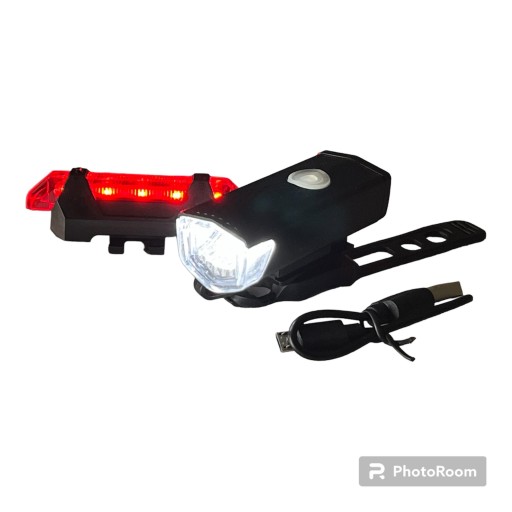 Zdjęcie oferty: Oświetlenie rowerowe,Lampka Przód+Tył,Ładowane USB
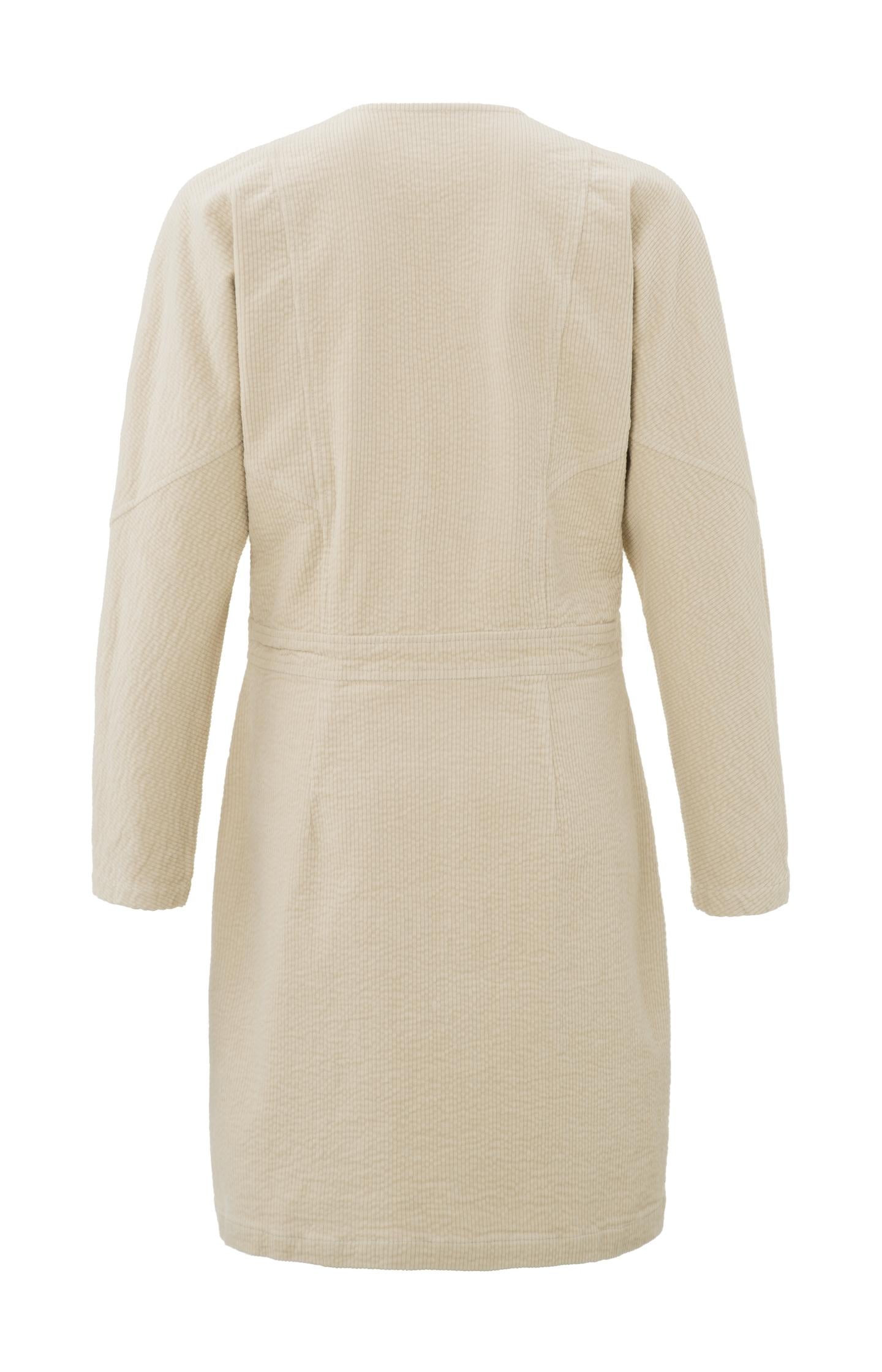 Wrap dress with V-neck, long sleeves and seam details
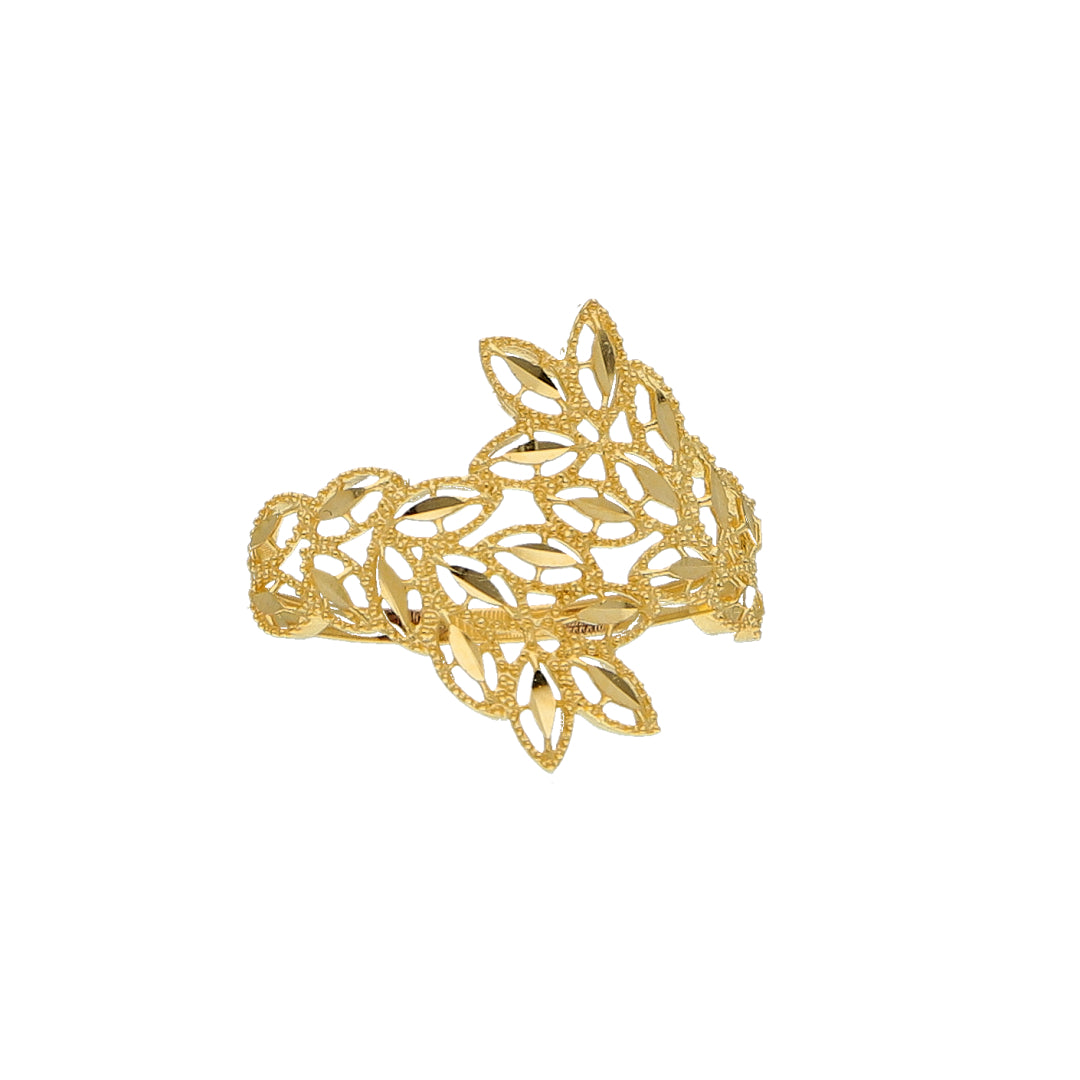 Gold Leaves Design Ring 21KT - FKJRN21KM11904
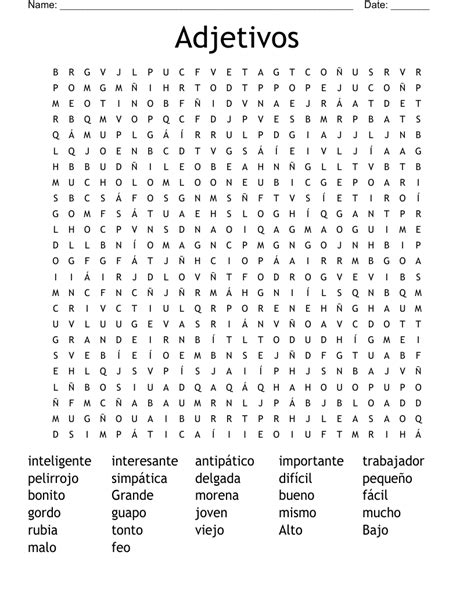 Adjetivos Word Search Wordmint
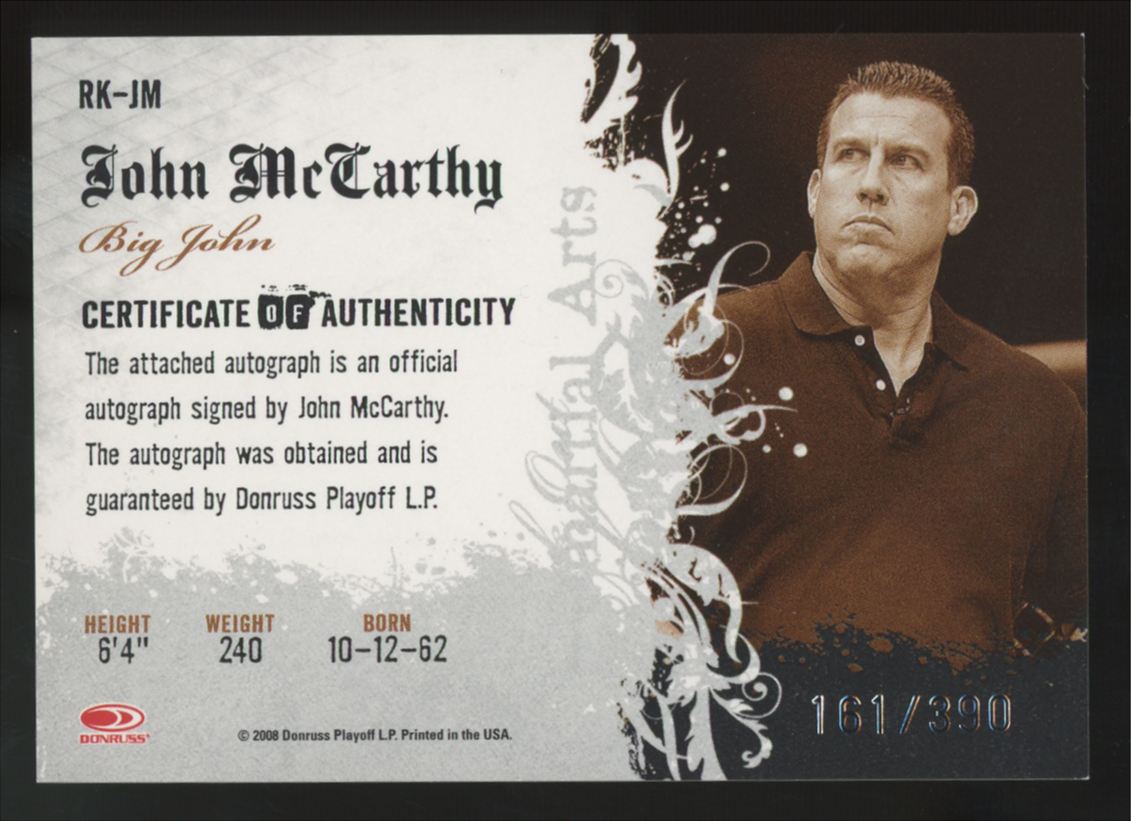 2008 Donruss Americana II "Big" John McCarthy Ring Kings Auto /390 #RK-JM
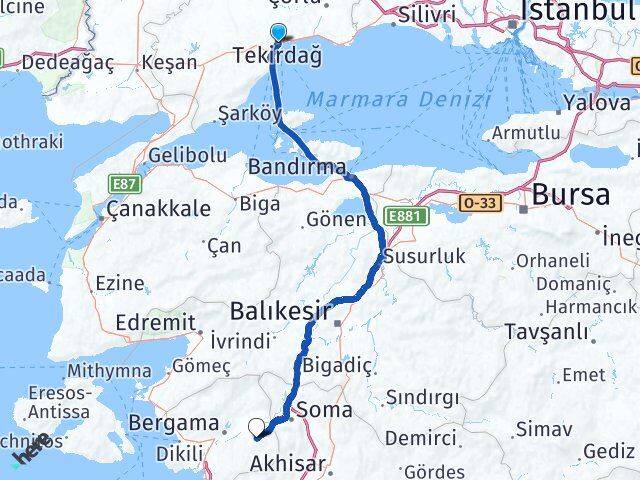 Tekirdağ Kınık İzmir Arası Kaç Km - Yol Haritası
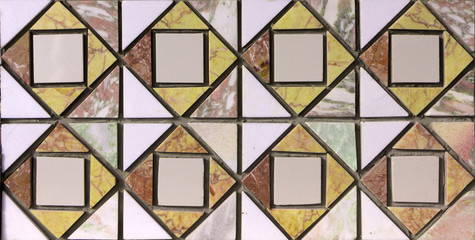 mrable decorative tiles of different textures covering walls and floor in kitchen, bathroom or toilet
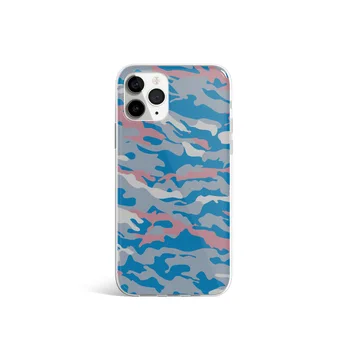 Blå Grå Pink Camo Mobiltelefon Case for iPhone 11 X XR XS Pro Max antal Soft TPU Mobile Beskyttelse bagcoveret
☆ ☆ ☆ ☆
Goal of the exercise:
Here the job is to print all the data exactly, skipping any image.

Answer for the task:
 Zdjęcie oferty: Oświetlenie rowerowe,Lampka Przód+Tył,Ładowane USB
 Wrap dress with V-neck, long sleeves and seam details
 Gold Leaves Design Ring 21KT - FKJRN21KM11904
 Adjetivos Word Search Wordmint
 2008 Donruss Americana II "Big" John McCarthy Ring Kings Auto /390 #RK-JM
 Tekirdağ Kınık İzmir Arası Kaç Km - Yol Haritası
 mrable decorative tiles of different textures covering walls and floor in kitchen, bathroom or toilet
 Blå Grå Pink Camo Mobiltelefon Case for iPhone 11 X XR XS Pro Max antal Soft TPU Mobile Beskyttelse bagcoveret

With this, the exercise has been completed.